Hacker News new | ask | show | jobs
by jzelinskie 2779 days ago
I tend to dislike cost-based optimizers because they add a layer of uncertainty when you're attempting to optimize database queries. I know what I want the optimizer to do. The problem is that when I run test queries against a local database or even a staging database, the statistics used to calculate costs differ. This means production can do something totally undesirable.
4 comments

Yes, that's a real problem that DBAs routinely grapple with. To address the problem, RDBMS vendors typically support hints and "plan management" features that allow DBAs to "pin" a particular plan once they've determined it's best. However, this usually requires a knowledgeable DBA; many developers would prefer that the database automatically chooses the plan, even if it changes from time to time. CockroachDB will definitely want to support both kinds of users.
I think is best if it was a per-session hint, like:

SET PLANNER TO COST

or similar, and default to a more "static" one.
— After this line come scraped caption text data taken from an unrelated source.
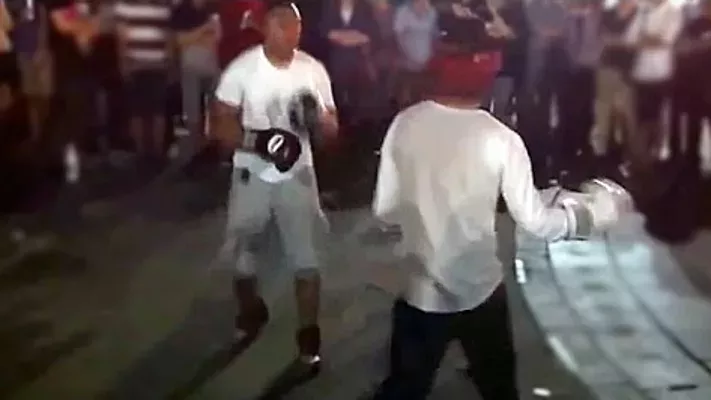 Er hat die dämliche Idee, einen Ex-Profiboxer auf der Straße herauszufordern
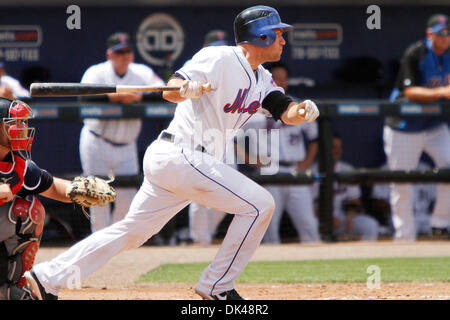 26. März 2011 - Port St. Lucie, Florida, USA - New York Mets Fänger bekommt Josh Thole (30) einen Schlag gegen die Atlanta Braves während eines Spiels der Grapefruit League Spring Training in Tradition Field in Port St. Lucie, besiegte FL. Mets Braves 8-2. (Kredit-Bild: © Debby Wong/Southcreek Global/ZUMAPRESS.com) Stockfoto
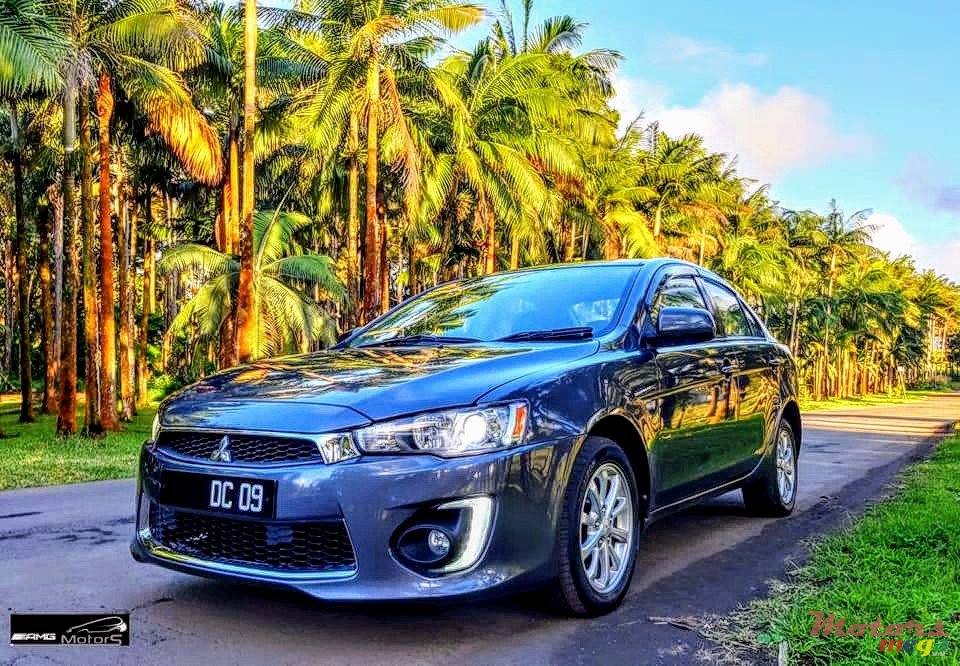 2009' Mitsubishi Lancer EX Facelift GLS photo #3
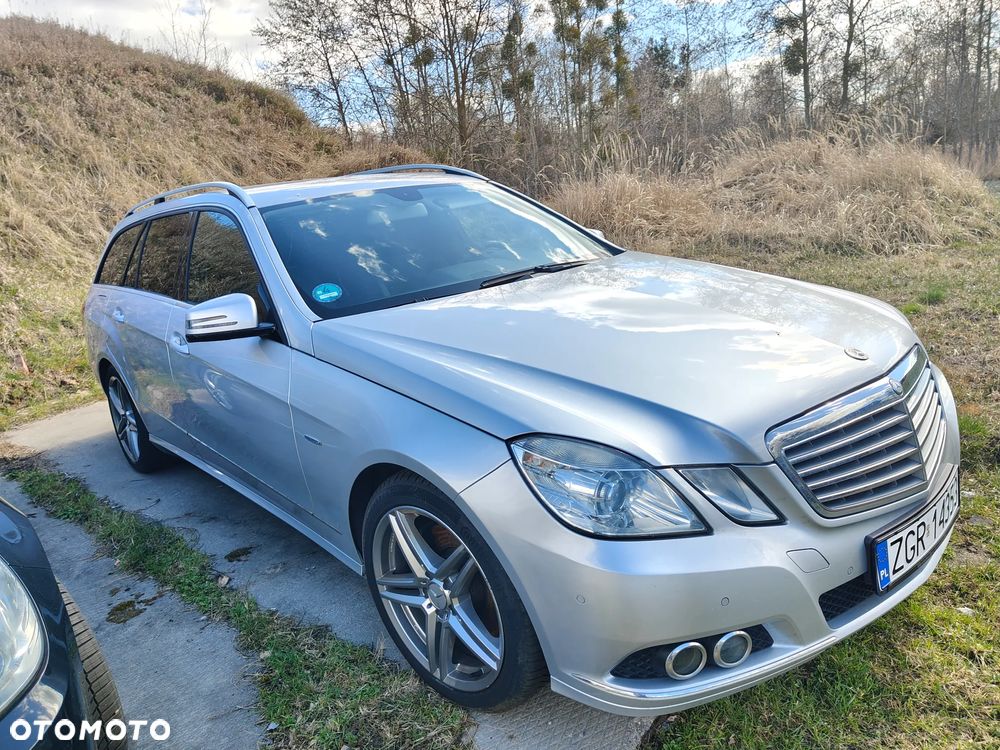 Mercedes-Benz Klasa E 300 CDI DPF BlueEFFICIENCY 7G-TRONIC Elegance - 3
Yeah, the problem is that basically none of this is portable, though. So if you're attempting to support both MySQL variants and Postgres variants, it gets nasty fast.
Not portable and you have to deploy separate from your application. A company I worked for solved this by using/setting hints for queries that were known to be mis-optimised in the common case.

If you're looking to be cross platform then hopefully you've already got a layer to translate intent to an appropriate SQL dialect, so you can drop it in there.

Hear, hear
Some databases let you just set the stats numbers to what you think they are and pin them, so changes to data won't change the stats and the optimizer will always use your stats and not stats calculated from the data. You'll get the "prod" execution plans on an empty database!
You can do that in Db2 z/os. In our shop we do it daily. In prod stats are up to date, we have job that would get all the stats from prod required for accesspaths and apply it on Dev empty tables modelling production. So Dev team when they bind packages which would use these stats to generate accesspaths 99.99% of the time same accesspaths would be generated in Dev and we know how the program would perform. Also for some tables we set pre defined stats, if that table a had real stats, oboy.
Sql server let you to import meta data from prod to dev. And you will get reliable execution plans.
> I know what I want the optimizer to do

For a cute little select statement, it might be true. However it's just not manageable most of the time.

Also Cost-Based can do some really dumb things if a table's contents change by quite a bit before stats are run again. I like being able to give hints so that you can switch between Cost or hierarchy based queries.